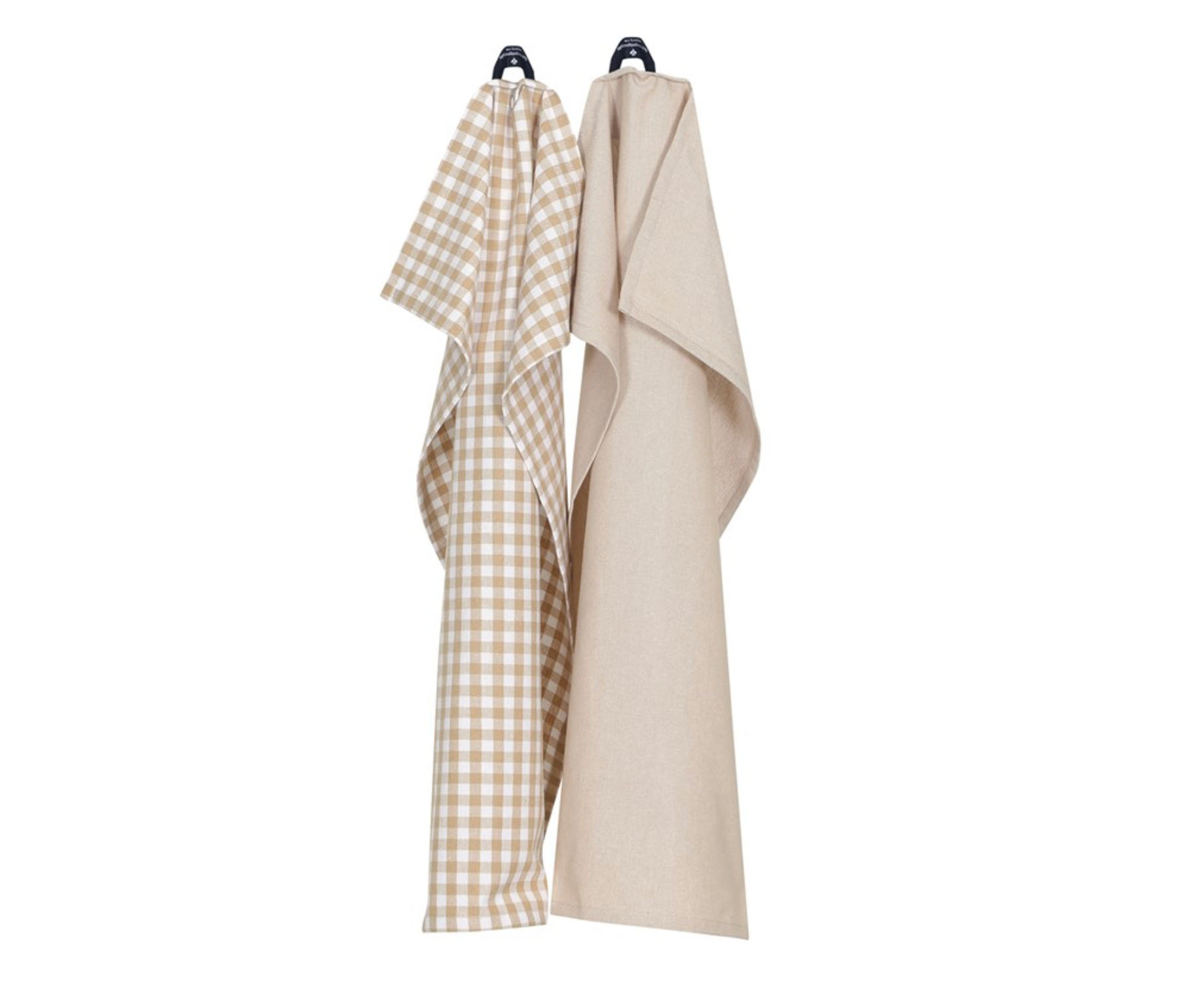 Geschirrtuch 2er Set I beige karrirt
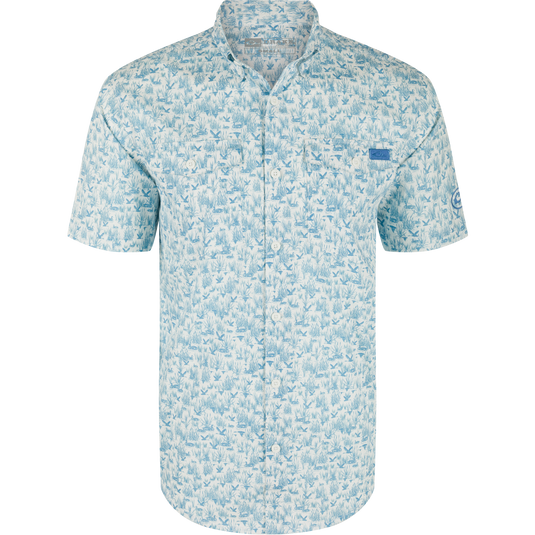 Cotton Marsh Print Short Sleeve Shirt featuring light-blue nature print, button-down collar, chest pockets, and sculpted hem, displayed on a hanger, embodying Purewhitelaneshop's casual style.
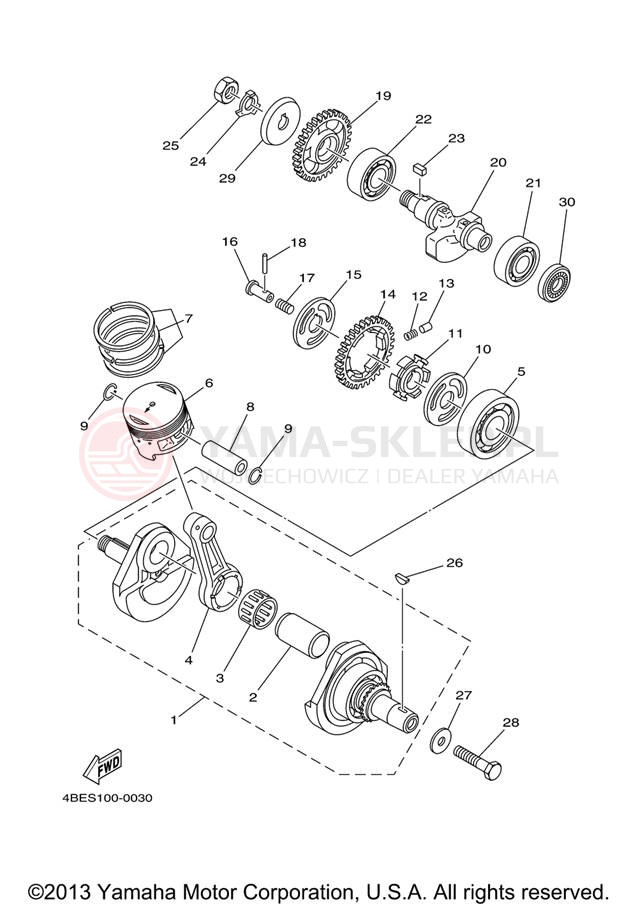 Schemat "Wał korbowy, tłok" do Yamaha TT-R230 TTR230V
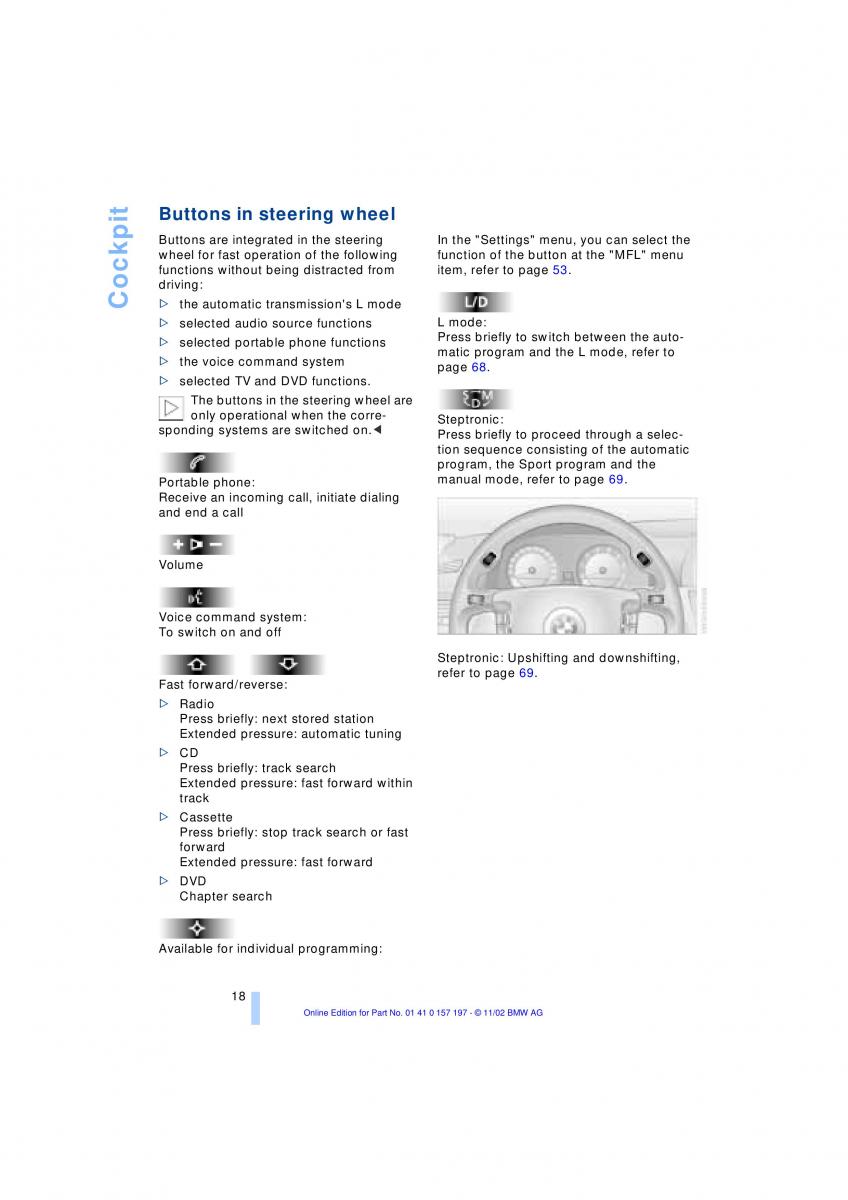 BMW 7 E65 owners manual / page 20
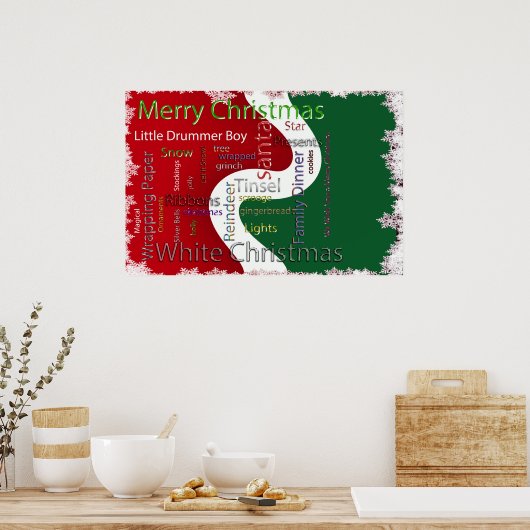 Kerstwoorden Verwante tekst Poster (Keuken)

◆ ◆ ◆ ◆

*EXERCISE DETAILS*
Every record must be duplicated exactly, except for the pictures, which are left out.

*ANSWER BOX*
 Geschirrtuch 2er Set I beige karrirt
 Cotton Marsh Print Short Sleeve Shirt featuring light-blue nature print, button-down collar, chest pockets, and sculpted hem, displayed on a hanger, embodying Purewhitelaneshop's casual style.
 Schemat "Wał korbowy, tłok" do Yamaha TT-R230 TTR230V
 BMW 7 E65 owners manual / page 20
 Kerstwoorden Verwante tekst Poster (Keuken)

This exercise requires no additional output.